- [DIRECTIONS FOR THIS TASK]: With the line containing "With a bit more" as the final line, restate exactly every line of the data below from the first one onward, and copy no pictures.

- [SOURCE DATA]:

* * * * *

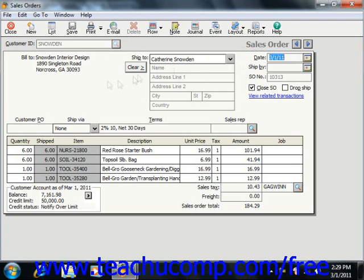You should see the billing address of the customer appear within the form. If the billing address is different from the shipping address, you can enter the shipping address here as well. You may also notice a small check box for Close SO. You can check this box to manually close a sales order if needed. Otherwise, it will automatically check itself once all the items from a sales order are shipped and invoiced.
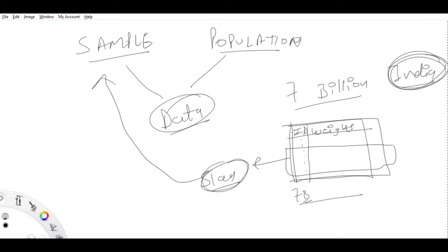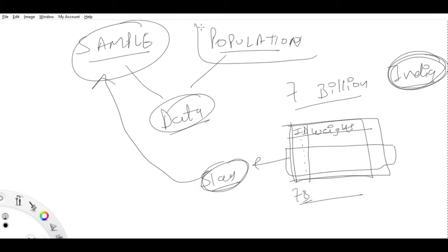With a bit more precision: if there are infinite people in this world and I take every one of their weights, that data consisting of all possible people's weights is called population. If I take just a bit of it, that data is called sample. We've talked about this because it very much resembles the word probability. Now let's talk about two more words: the first one is relative frequency.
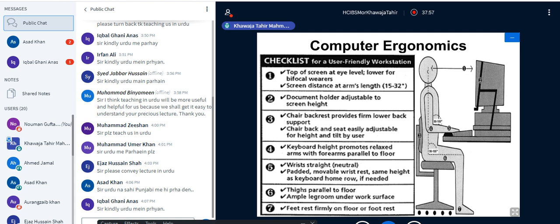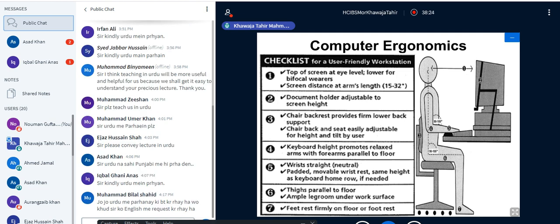All chapters covered so far — the introductory chapter, human information processing model, and computer ergonomics — are included in the midterm. You have approximately eight recorded lectures available, which you can listen to carefully to prepare for whatever format the paper takes. If you have any questions about this topic, you can query on the WhatsApp group — I am available until 4:30. Thank you.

* * * * *

- [RESPONSE]:
You should see the billing address of the customer appear within the form. If the billing address is different from the shipping address, you can enter the shipping address here as well. You may also notice a small check box for Close SO. You can check this box to manually close a sales order if needed. Otherwise, it will automatically check itself once all the items from a sales order are shipped and invoiced.
With a bit more precision: if there are infinite people in this world and I take every one of their weights, that data consisting of all possible people's weights is called population. If I take just a bit of it, that data is called sample. We've talked about this because it very much resembles the word probability. Now let's talk about two more words: the first one is relative frequency.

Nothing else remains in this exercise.